Racing Ghost
In Racing Games, you sometimes have the option of competing against yourself in Time Trial mode, not just by the final time, but by racing against a hollow "ghost" recording of a previous run. This might be your own run, your friend's, or even a stranger's downloaded from the web.
Some games have "staff ghosts" from the developers of the game, which may have to be unlocked first. Obviously, the developers' top record will be very difficult to beat, but not every staff ghost is like this. Sometimes, less gameplay-oriented members of the staff will provide a ghost, in which case out-racing this ghost might unlock a more difficult ghost.
In any case, ghosts provide an easy visual way to gauge one's performance without checking the clock.

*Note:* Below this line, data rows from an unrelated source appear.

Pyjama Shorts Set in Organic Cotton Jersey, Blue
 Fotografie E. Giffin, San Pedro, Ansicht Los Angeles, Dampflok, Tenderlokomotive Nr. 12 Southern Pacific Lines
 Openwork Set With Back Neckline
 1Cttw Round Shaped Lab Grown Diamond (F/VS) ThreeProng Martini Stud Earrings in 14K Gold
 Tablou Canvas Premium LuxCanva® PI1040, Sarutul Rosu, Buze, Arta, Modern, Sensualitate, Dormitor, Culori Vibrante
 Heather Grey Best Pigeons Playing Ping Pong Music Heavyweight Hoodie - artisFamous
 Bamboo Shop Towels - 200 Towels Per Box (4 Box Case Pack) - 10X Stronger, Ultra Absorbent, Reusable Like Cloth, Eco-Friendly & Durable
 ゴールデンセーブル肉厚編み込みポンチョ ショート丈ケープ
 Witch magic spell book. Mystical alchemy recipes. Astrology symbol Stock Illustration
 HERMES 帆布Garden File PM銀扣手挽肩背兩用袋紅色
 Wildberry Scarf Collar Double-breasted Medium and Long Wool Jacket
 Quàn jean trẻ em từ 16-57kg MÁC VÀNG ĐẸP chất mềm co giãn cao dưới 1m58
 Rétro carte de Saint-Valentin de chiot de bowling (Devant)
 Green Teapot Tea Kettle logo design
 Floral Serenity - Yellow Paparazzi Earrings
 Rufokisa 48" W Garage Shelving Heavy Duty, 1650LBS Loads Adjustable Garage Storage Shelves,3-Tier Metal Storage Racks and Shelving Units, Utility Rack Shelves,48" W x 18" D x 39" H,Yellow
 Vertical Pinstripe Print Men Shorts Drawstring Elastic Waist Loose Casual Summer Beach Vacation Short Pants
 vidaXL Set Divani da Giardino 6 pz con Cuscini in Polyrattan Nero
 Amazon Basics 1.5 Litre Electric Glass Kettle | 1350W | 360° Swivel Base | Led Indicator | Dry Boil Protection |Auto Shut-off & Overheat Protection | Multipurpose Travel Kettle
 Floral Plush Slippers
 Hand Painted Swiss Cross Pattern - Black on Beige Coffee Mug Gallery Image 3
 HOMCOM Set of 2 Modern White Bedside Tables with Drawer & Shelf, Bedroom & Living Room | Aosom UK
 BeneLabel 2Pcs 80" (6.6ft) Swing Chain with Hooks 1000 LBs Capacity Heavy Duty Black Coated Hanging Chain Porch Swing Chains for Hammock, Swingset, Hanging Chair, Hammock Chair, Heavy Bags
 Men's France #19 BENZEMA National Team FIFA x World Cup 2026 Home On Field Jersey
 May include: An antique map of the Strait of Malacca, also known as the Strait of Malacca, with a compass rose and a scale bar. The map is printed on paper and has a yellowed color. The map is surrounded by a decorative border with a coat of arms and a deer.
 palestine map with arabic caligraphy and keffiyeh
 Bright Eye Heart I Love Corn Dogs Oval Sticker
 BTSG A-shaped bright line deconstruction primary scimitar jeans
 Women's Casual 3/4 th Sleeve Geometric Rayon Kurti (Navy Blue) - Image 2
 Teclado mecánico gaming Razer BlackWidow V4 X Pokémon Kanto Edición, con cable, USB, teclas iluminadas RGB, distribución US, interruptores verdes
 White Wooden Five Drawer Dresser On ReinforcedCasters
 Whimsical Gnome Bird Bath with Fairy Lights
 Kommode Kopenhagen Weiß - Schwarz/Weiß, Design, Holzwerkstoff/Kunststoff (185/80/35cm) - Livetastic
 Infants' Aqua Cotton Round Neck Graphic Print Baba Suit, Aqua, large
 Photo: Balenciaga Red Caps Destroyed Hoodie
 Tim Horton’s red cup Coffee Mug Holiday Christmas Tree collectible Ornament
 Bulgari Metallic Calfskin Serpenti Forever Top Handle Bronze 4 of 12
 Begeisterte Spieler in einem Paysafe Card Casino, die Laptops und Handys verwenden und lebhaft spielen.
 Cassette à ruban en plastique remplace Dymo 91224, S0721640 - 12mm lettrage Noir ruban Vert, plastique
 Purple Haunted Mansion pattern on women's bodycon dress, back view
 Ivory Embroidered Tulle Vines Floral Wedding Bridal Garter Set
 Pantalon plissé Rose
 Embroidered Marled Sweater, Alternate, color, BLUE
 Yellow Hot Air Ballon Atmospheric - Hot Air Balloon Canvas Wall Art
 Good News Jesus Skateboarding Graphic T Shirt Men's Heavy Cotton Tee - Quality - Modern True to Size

Examples of Racing Ghost include:
- F-Zero
- Mario Kart
- The 7th game takes the concept pretty far. Every track has multiple staff ghosts (each unlocked after beating the last). If left in sleep mode, the 3DS will download ghosts from random players. There's an option to play against 7 ghosts at once. The Wii version also allowed downloads but had less ghosts per track at a time.
- Mirror's Edge
- Super Mario Galaxy has a literal ghost you can race against. There's also a sort of "cosmic" Mario (he's the same shape as Mario, but looks like a cutout into outer space) you can race against in a timed run of a given level.
- In the Track Mania series, all opponents are always intangible ghosts: Your only enemy is the track itself.
- At the beginning of the new Speed Racer movie, Speed races against his brother's time, and it's represented as a Racing Ghost.
- Crash Team Racing
- Some Need for Speed games have this.
- Diddy Kong Racing (both versions) has a set of ghosts for each course as driven by T.T., a stopwatch character. Beating all of the ghosts unlocks him as a playable character.